Economics and Crime in the States
Economic Review, Vol. 84, No. 1, 1999
Polls identify crime as the number one public worry. Crime also exacts tremendous costs not factored into official measures of well-being, and it is a favorite subject of political campaign promises. However, the public seems largely unaware that crime responds to economic conditions and incentives and that the results of a substantial body of work by economists have important implications for public policy.
This article introduces the economics and crime literature by describing a simple supply-and-demand crime model in which criminals supply crime, the public demands protection from crime, and the government provides public protection. The author uses the model to show how crime responds to a variety of demographic and economic factors and also what results to expect from public policy proposals.
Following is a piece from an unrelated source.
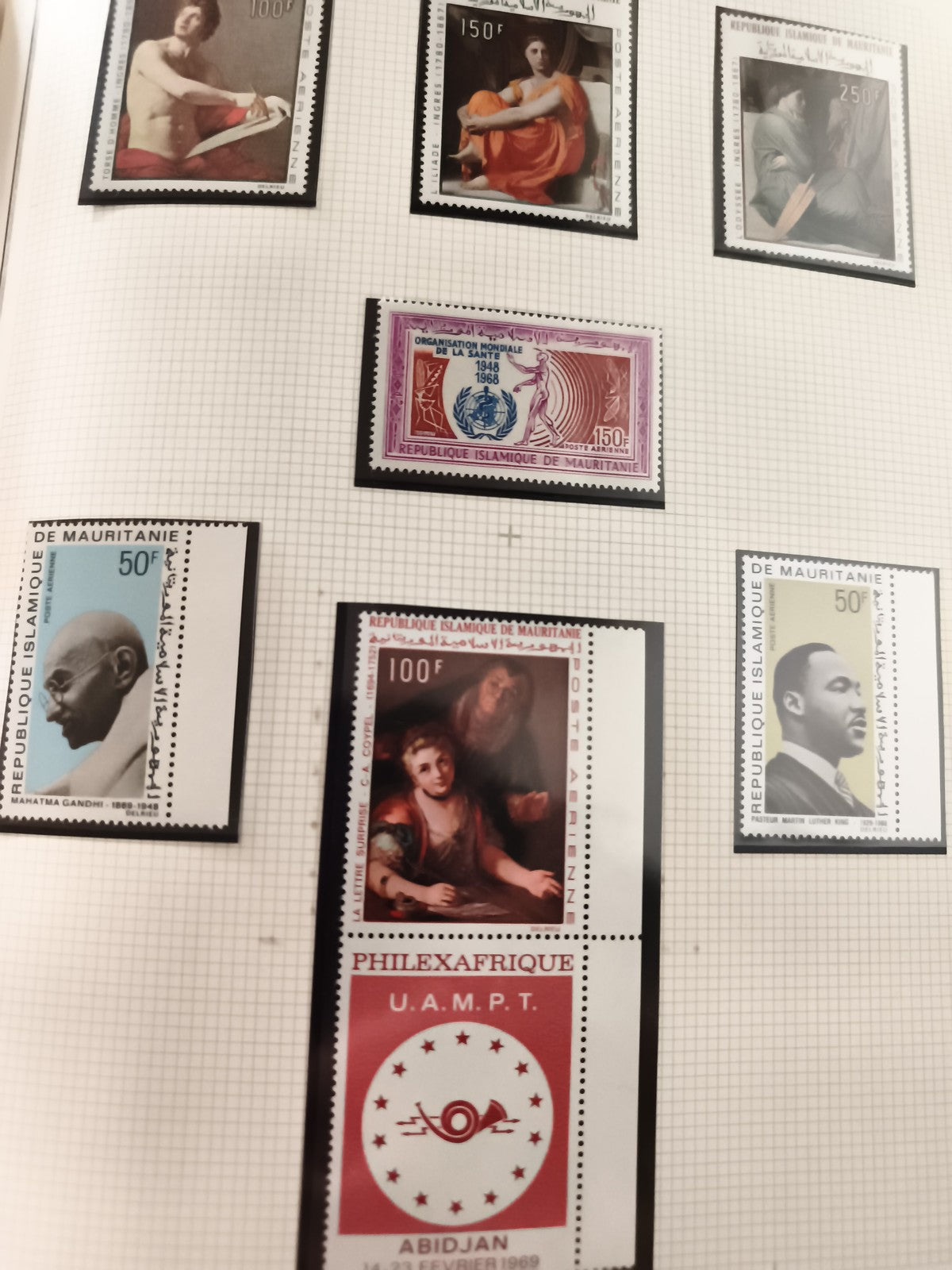 Timbres anciens Mauritanie neufs Gandhi MLK œuvres d’art Philexafrique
Using state data from 1971 to 1994, the article outlines broad regional differences and trends in the patterns of crime in the United States. While the nation in the 1990s has seen crime fall dramatically in almost all categories, not all regions have benefited equally. In particular, southeastern states have seen distinct worsening in crime rates relative to other regions.
The author subjects the data to a more in-depth treatment using a panel regression approach that estimates the effects of demographic and economic variables on crime. The results mirror some found by others but also highlight serious issues vexing the empirical literature. Generally, the demographic and economic variables explain crime rather well, and estimates for the most part conform to the economic model of crime.